[Stored data Boundary: Start]

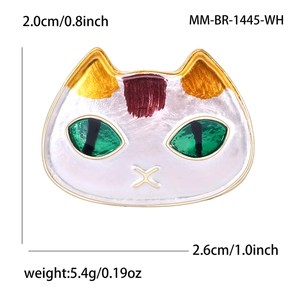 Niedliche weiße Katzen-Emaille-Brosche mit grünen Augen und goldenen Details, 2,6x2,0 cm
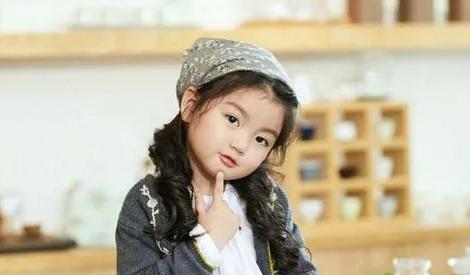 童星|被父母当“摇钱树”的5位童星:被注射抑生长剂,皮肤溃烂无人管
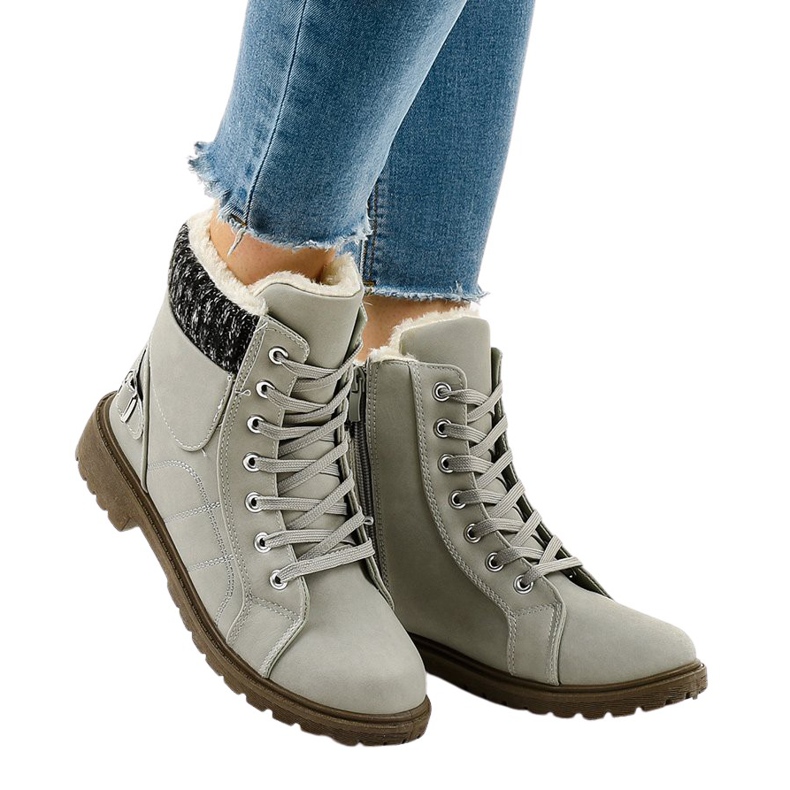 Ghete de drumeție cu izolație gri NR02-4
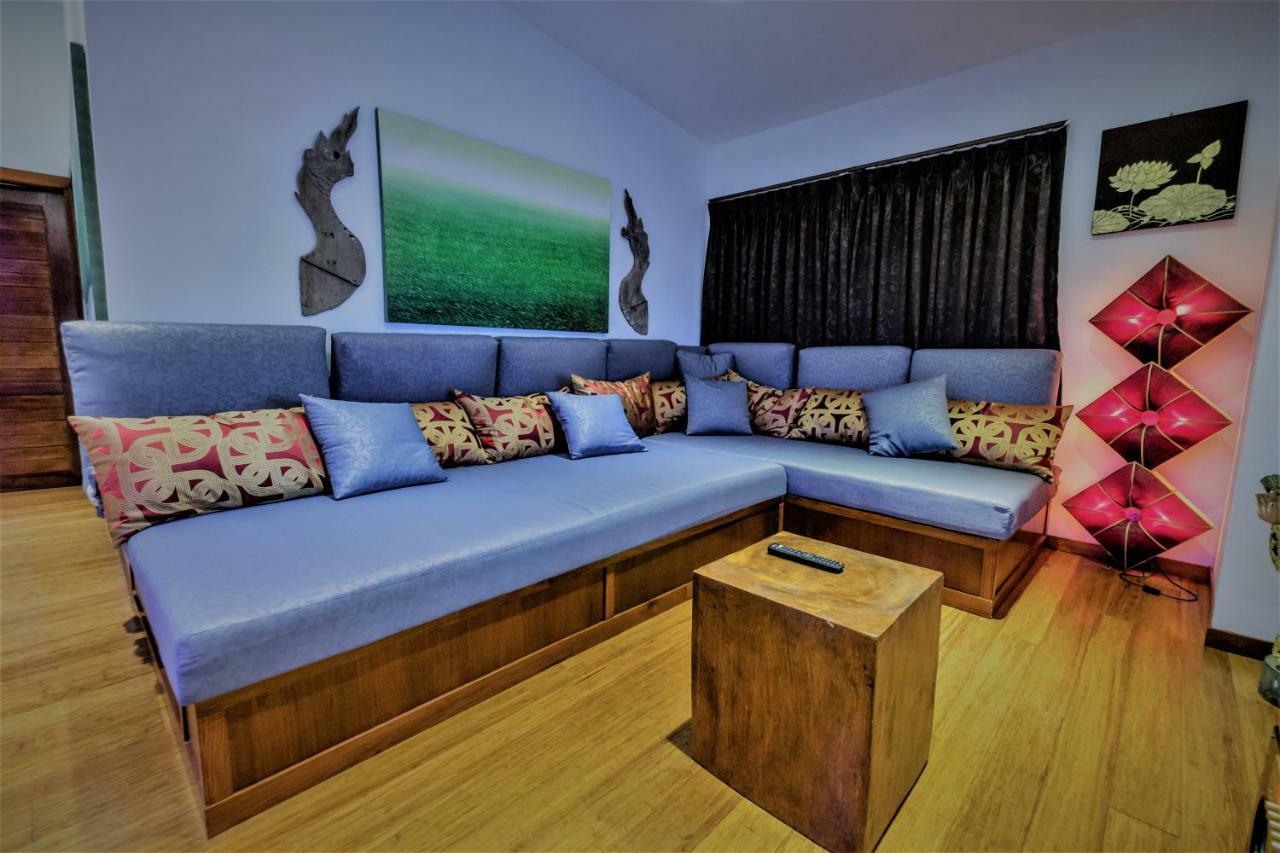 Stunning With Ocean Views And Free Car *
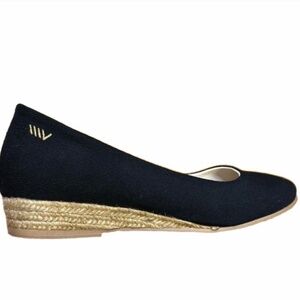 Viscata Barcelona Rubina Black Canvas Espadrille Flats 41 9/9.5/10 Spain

[Stored data Boundary: End]

▸ What to do
Since the pictures are not wanted, set down only the rest of each record, exactly as above.

▸ Exercise output
 Niedliche weiße Katzen-Emaille-Brosche mit grünen Augen und goldenen Details, 2,6x2,0 cm
 童星|被父母当“摇钱树”的5位童星:被注射抑生长剂,皮肤溃烂无人管
 Ghete de drumeție cu izolație gri NR02-4
 Stunning With Ocean Views And Free Car *
 Viscata Barcelona Rubina Black Canvas Espadrille Flats 41 9/9.5/10 Spain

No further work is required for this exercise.